[R] Any existing functions for reading and extracting data from path names?
Henrik Bengtsson
hb at biostat.ucsf.edu
Fri Mar 11 19:02:22 CET 2011
Hi,
the R.filesets package was designed for this. It is heavily used by
the aroma framework (http://www.aroma-project.org/), so it got a fair
bit of mileage now (in a good a way). Here is how you could setup
your data set and work with the data.
# - - - - - - - - - - - -
# Setup file data set
# - - - - - - - - - - - -
library("R.filesets");
paths <- list.files(path="deleteme", full.names=TRUE);
dsList <- lapply(paths, FUN=function(path) TabularTextFileSet$byPath(path));
ds <- Reduce(append, dsList);
# Fullname translator: Los Angeles/data1.csv => Los Angeles,data1.csv
setFullNamesTranslator(ds, function(name, file, ...) {
path <- getPath(file);
paste(c(basename(path), name), collapse=",");
});
# - - - - - - - - - - - -
# Examples
# - - - - - - - - - - - -
# Get the full names (a fullname consists of
# a name and comma-separated tags)
> getFullNames(ds)
[1] "Los Angeles,data1" "Los Angeles,data2"

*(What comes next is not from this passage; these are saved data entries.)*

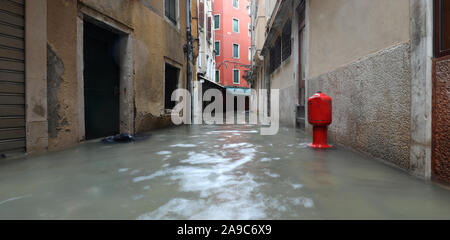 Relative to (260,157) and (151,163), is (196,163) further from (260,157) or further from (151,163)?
(260,157)

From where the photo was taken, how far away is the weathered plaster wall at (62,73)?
3.88 m

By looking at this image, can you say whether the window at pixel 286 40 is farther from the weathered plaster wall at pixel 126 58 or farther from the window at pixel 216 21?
the window at pixel 216 21

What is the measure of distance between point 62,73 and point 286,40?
7433 mm

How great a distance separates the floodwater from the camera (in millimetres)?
1657

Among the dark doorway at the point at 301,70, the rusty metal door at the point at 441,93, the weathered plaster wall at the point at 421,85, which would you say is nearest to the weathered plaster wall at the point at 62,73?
the weathered plaster wall at the point at 421,85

[3] "New York,data1" "New York,data2"
# Get the names
> getNames(ds)
[1] "Los Angeles" "Los Angeles"
[3] "New York" "New York"
> ds
TabularTextFileSet:
Name: Los Angeles
Tags:
Full name: Los Angeles
Number of files: 4
Names: Los Angeles, Los Angeles, New York, New York [4]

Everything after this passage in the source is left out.